Yes! Our web crawlers can scrape images in the form of either URLs or files. Scraping as files requires extra effort and, as a result, will incur an additional charge. The image files will be zipped and emailed/synced with the rest of your data.

[Grepsr Concierge] Can we see a proof of concept before we commit to a payment plan?

In order to provide a PoC or sample data, we need to set up our crawlers as if for a fully-fledged scraping project. Because of the time and effort this entails, we only take a project on once payment is received.
That said, we do provide a PoC before moving on to the full crawl run. If you’re not satisfied with the quality of that sample, then we can make the requested modifications or even offer a full refund.

[Grepsr Concierge] Once my project is set up, can I start a crawl myself?
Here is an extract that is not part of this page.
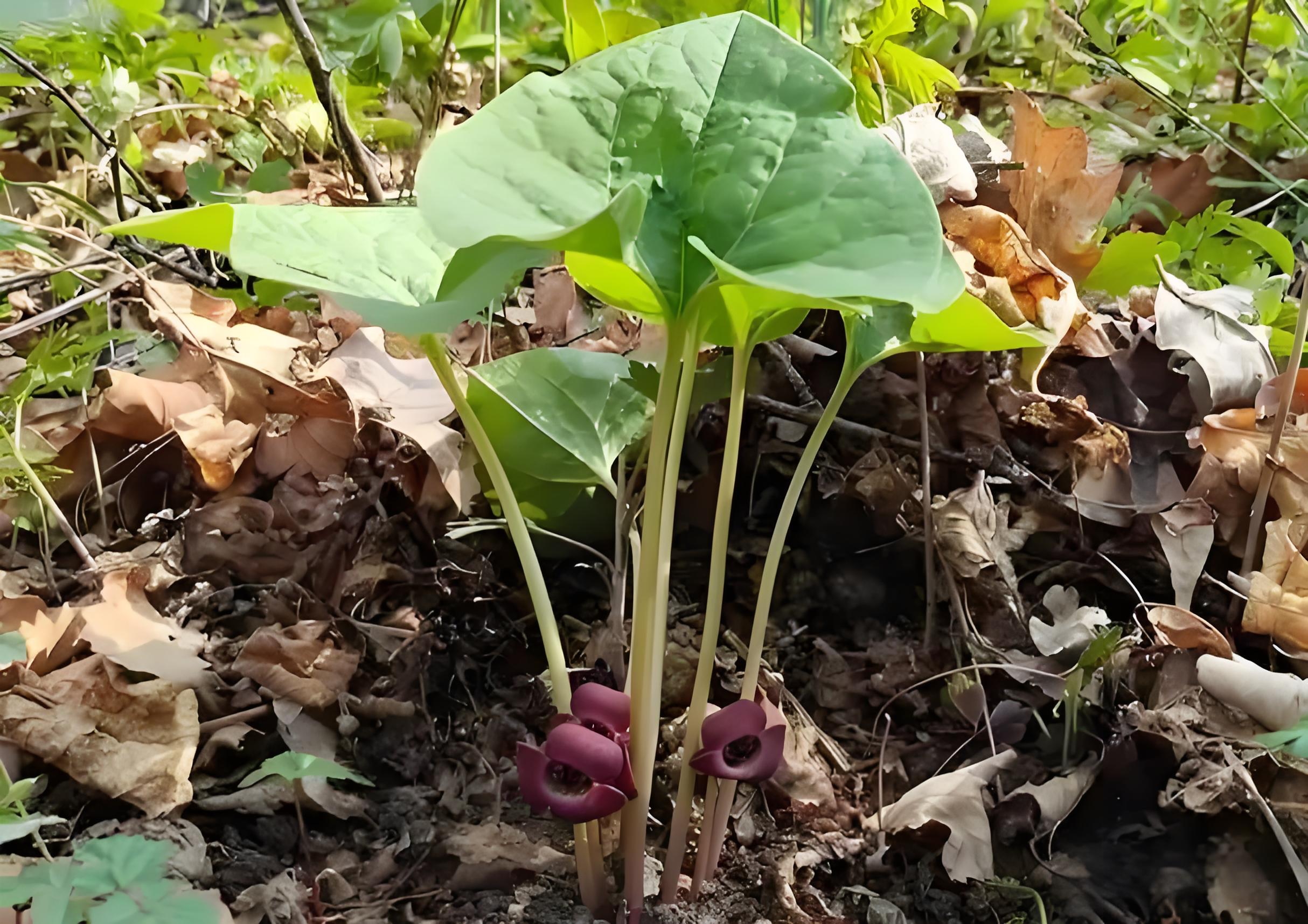 科属:马兜铃科细辛属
Once the project has been initiated, you can set up the crawl to suit your project specifications in the following ways:

  • Manual Runs: Hover over the settings icon (the cog icon next to search) on your project’s Data Preview tab and click an option labelled “Report Re-run”. Clicking this will start a new crawl right away.
  • Scheduled Runs: If you want to automate your crawl runs for specific intervals, you can customize a schedule from the Schedule Crawl tab on your report. More information on the Scheduler here.

[Grepsr Concierge] I want my colleagues to also have access to some of the projects. Is this possible?

Yes! Grepsr is an out-an-out team tool. You can always invite team members and collaborate on Grepsr, and also decide the degree of involvement you are comfortable with on a per-project basis.

  • If you only want them to access specific projects, just head over to the Team tab on the respective project page and invite them via email or share the Team Invite Link.
  • If you want to grant access to all projects, you can do so by visiting the Team page under your account (either via the Team link on the top menu or Your Name > Account > Team) and following the same steps as mentioned above.